[Data for review]
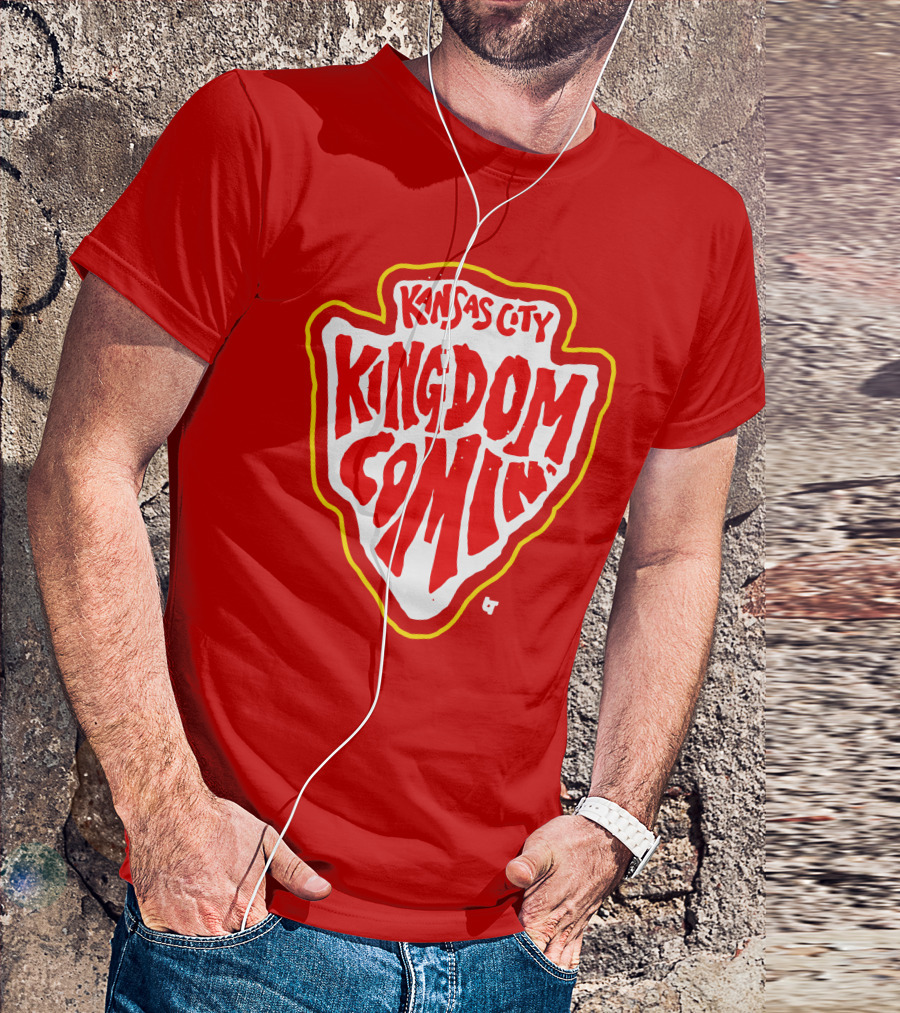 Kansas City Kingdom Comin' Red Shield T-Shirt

...

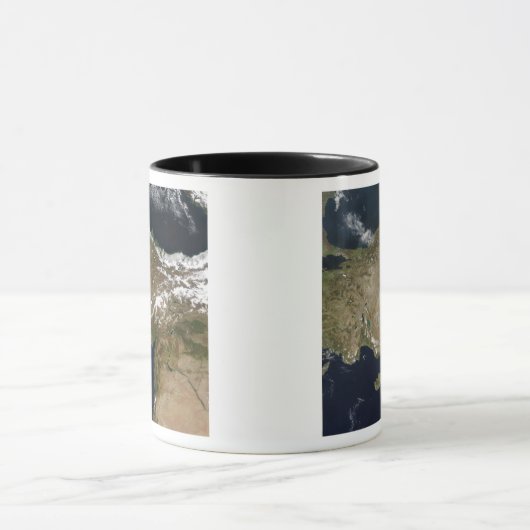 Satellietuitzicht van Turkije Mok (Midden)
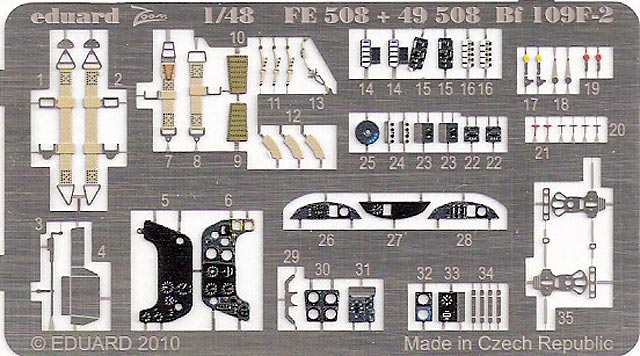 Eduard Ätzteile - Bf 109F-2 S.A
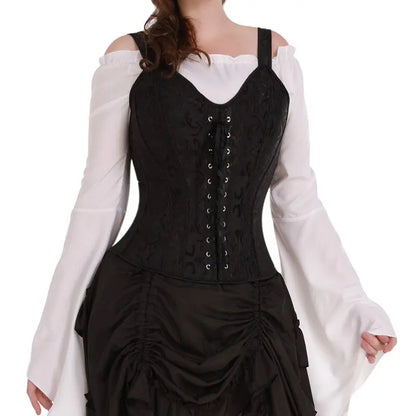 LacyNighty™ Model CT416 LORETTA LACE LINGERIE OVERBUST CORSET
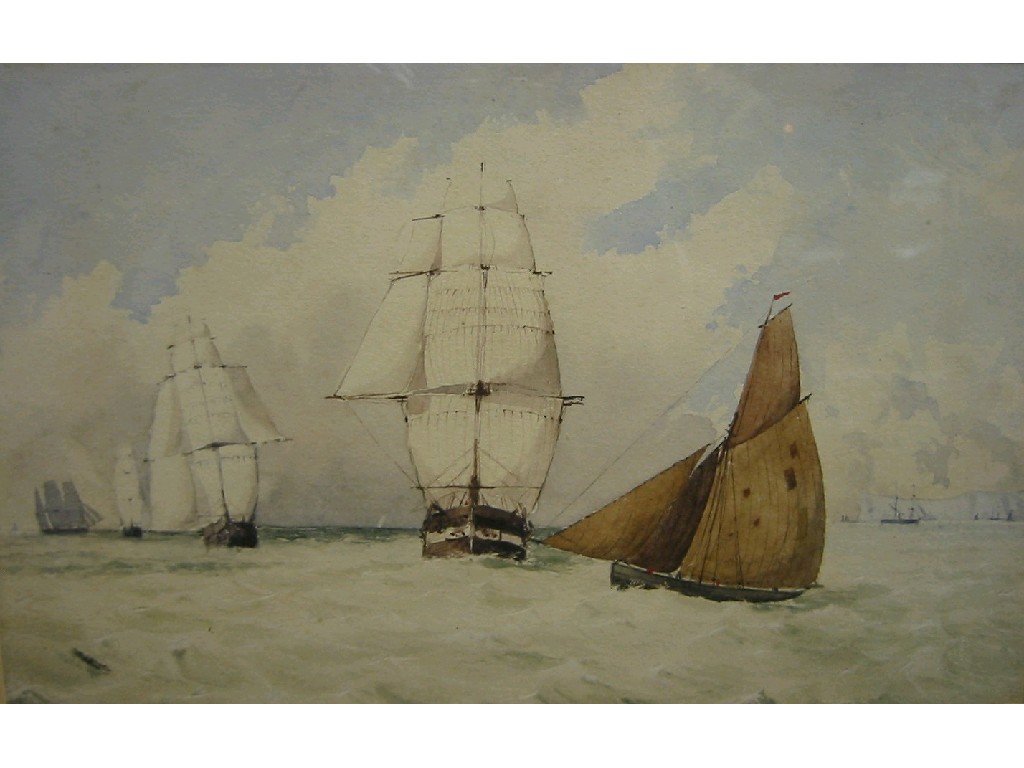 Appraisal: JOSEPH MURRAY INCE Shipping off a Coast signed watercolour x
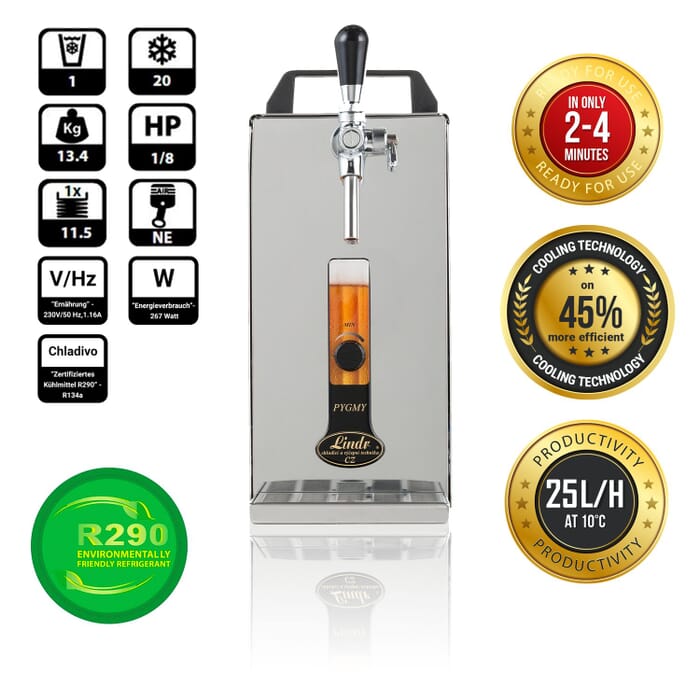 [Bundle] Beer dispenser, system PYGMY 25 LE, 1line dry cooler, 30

[Action item] What do the entries above read from the line containing "Satellietuitzicht van Turkije Mok (Midden)" through the line containing "[Bundle] Beer dispenser, system"? Output those lines exactly, both ends included, with the pictures left out.

[Output below]
 Satellietuitzicht van Turkije Mok (Midden)
 Eduard Ätzteile - Bf 109F-2 S.A
 LacyNighty™ Model CT416 LORETTA LACE LINGERIE OVERBUST CORSET
 Appraisal: JOSEPH MURRAY INCE Shipping off a Coast signed watercolour x
 [Bundle] Beer dispenser, system PYGMY 25 LE, 1line dry cooler, 30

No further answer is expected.